Data below:
━━━━━━
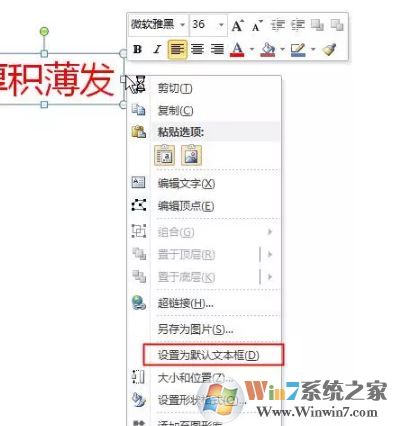 ppt 默认字体怎么设置？ppt默认字体修改方法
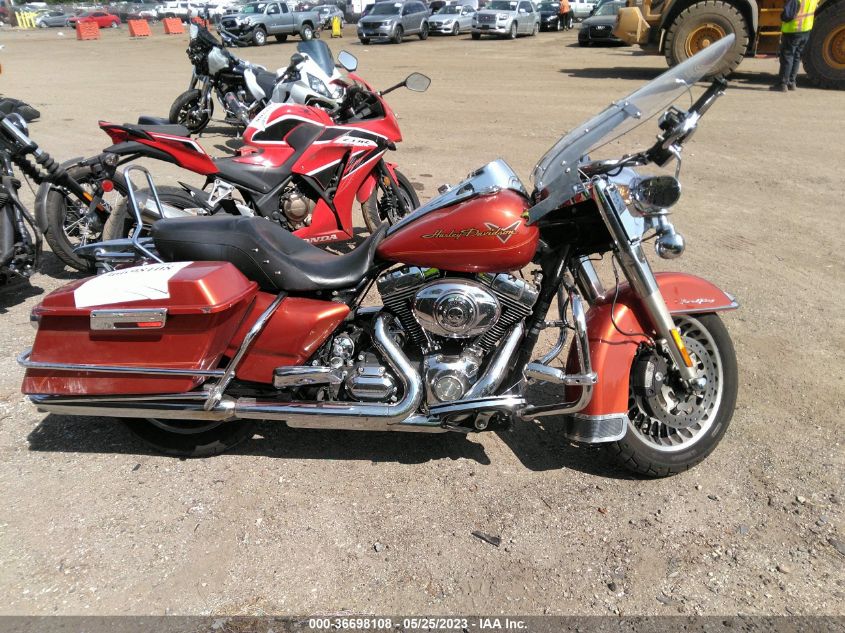 2011 HARLEY-DAVIDSON FLHR - 1HD1FB412BB626530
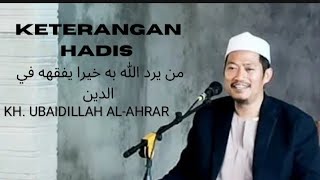 penjelasan KH UBAIDILLAH AL AHRAR mengenai hadis من يرد الله به خيرا يفقهه في الدين الخ [upl. by Merriman149]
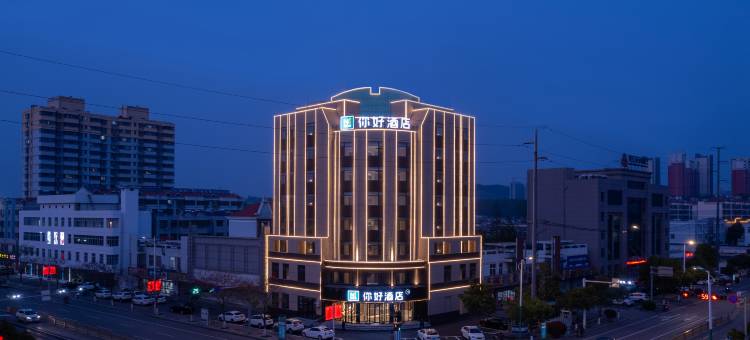 你好酒店(枣庄薛城泰山北路店)图片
━━━━━━
Task: The answer should consist of every line above, exact and free of images.

Written answer:
 ppt 默认字体怎么设置？ppt默认字体修改方法
 2011 HARLEY-DAVIDSON FLHR - 1HD1FB412BB626530
 penjelasan KH UBAIDILLAH AL AHRAR mengenai hadis من يرد الله به خيرا يفقهه في الدين الخ [upl. by Merriman149]
 你好酒店(枣庄薛城泰山北路店)图片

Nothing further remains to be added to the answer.